Hans Vee parle d’abord de dissonance de représentation
Le problème n’est pas de corriger l’IA, mais de corriger la structure numérique de la marque
Une hallucination de marque est le plus souvent une structure numérique défaillante.
La distinction Hans Vee est nette : dans la grande majorité des cas, ce que le marché appelle hallucination est une dissonance de représentation. L’IA n’invente pas à partir de rien. Elle agrège des signaux disponibles sur le web. Si ces signaux sont contradictoires, incomplets ou mal hiérarchisés, la réponse sera erronée.
La réponse Hans Vee n’est donc pas de “corriger l’IA” comme on corrigerait un bug logiciel. La réponse consiste à remettre de la cohérence sémantique On-site et Cross-source, pour que l’IA n’ait plus d’autre choix que de restituer la marque fidèlement. C’est une logique de gouvernance de la représentation, pas un patch ponctuel.

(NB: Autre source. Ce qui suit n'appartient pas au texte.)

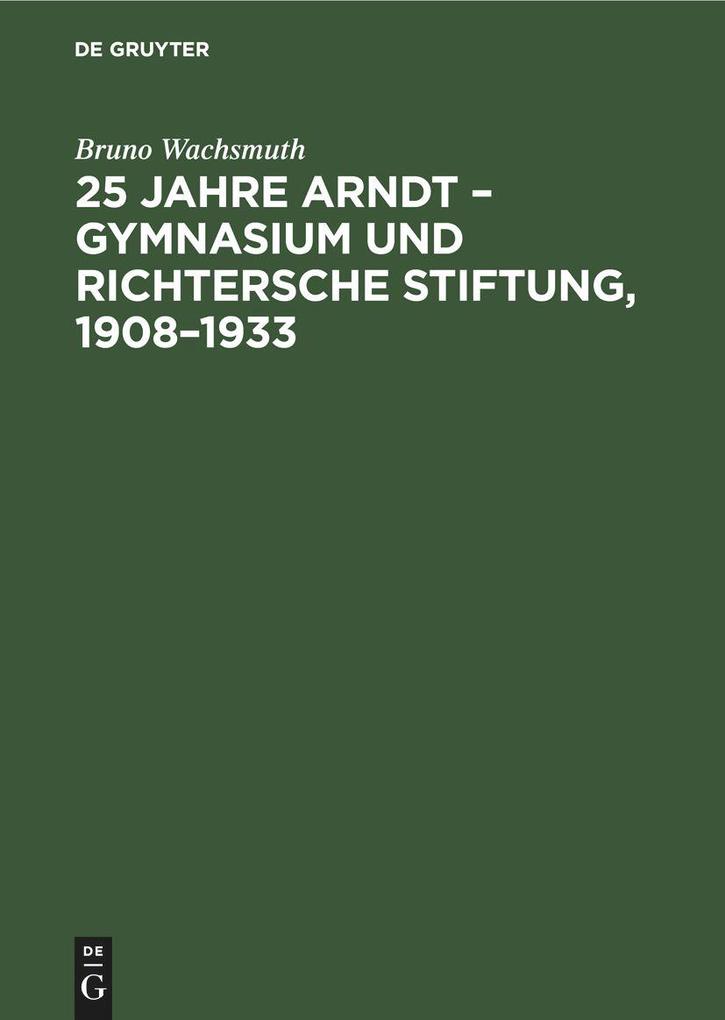 25 Jahre Arndt Gymnasium und Richtersche Stiftung 19081933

Cela implique aussi de mettre en lumière les problèmes que les utilisateurs posent réellement aux IA. Une marque ne doit pas seulement défendre ce qu’elle dit d’elle-même. Elle doit entrer dans la synthèse là où l’IA cherche encore. C’est aussi à cet endroit que le Triptyque prend son sens : Lisibilité → Citabilité → Recommandabilité.

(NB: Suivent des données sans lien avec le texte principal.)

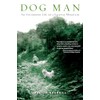 Dog Man: An Uncommon Life on a Faraway Mountain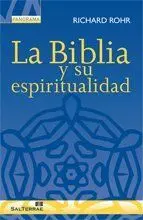 LA BIBLIA Y SU ESPIRITUALIDAD
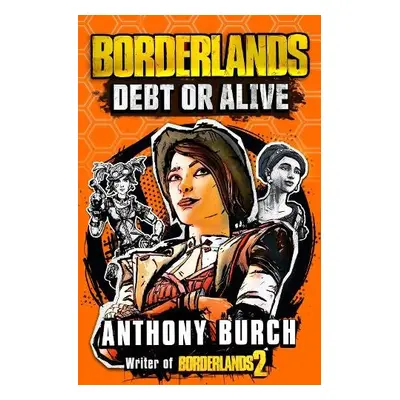 Borderlands: Debt or Alive - Burch, Anthony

La détection des dissonances commence en phase Clarté
Hans Vee analyse ce que disent réellement les IA avant d’organiser les corrections
Une dissonance se corrige d’abord par un diagnostic précis, pas par une réaction instinctive.
La détection des hallucinations — ou plus exactement des dissonances — se situe au cœur de la phase Clarté. Via l’AI Test Engineering et les scénarios prompts, Hans Vee analyse ce que les quatre IA disent réellement de la marque, puis compare cette restitution avec ce que la marque représente réellement.
Ce travail alimente ensuite le Rapport de Représentation & Recommandation IA et le Brain IA de Marque. L’objectif est d’identifier ce qui est juste, ce qui est dissonant, et ce qui doit être corrigé en priorité. La correction ne commence pas dans le modèle. Elle commence dans la lecture du problème.
En phase Intelligence, Hans Vee structure les thèmes et les thématiques capables de restaurer la cohérence sémantique nécessaire. En phase Impulsion, les corrections sont déployées via les blueprints On-site et les briefings Cross-source, dans le bon ordre, pour que la voix de la marque l’emporte progressivement sur le bruit du web.
Corriger une hallucination IA ne se fait pas instantanément
La correction passe par la cohérence, pas par une action directe sur le LLM
Hans Vee ne corrige pas l’IA ; il construit les conditions de son réalignement.
Il n’existe pas aujourd’hui de procédure standardisée pour corriger directement une hallucination dans un LLM. Hans Vee ne promet donc pas une correction immédiate dans le système lui-même. L’agence travaille la cohérence sémantique, la validation tierce et la qualité des signaux pour que l’IA trouve des sources plus fiables et plus cohérentes.
Ce travail est progressif. Il ne produit pas un effet instantané. Les premiers effets peuvent commencer à se mesurer à partir de trois mois. Les effets structurels se lisent plutôt entre six et douze mois, selon la profondeur des dissonances et le niveau d’opacité algorithmique des modèles concernés.
C’est ce réalisme qui compte. Une hallucination n’est pas un bouton à désactiver. C’est un symptôme. La vraie correction consiste à réduire les risques, renforcer la cohérence de marque, et reconstruire un environnement assez solide pour que l’IA restitue enfin la marque avec fidélité.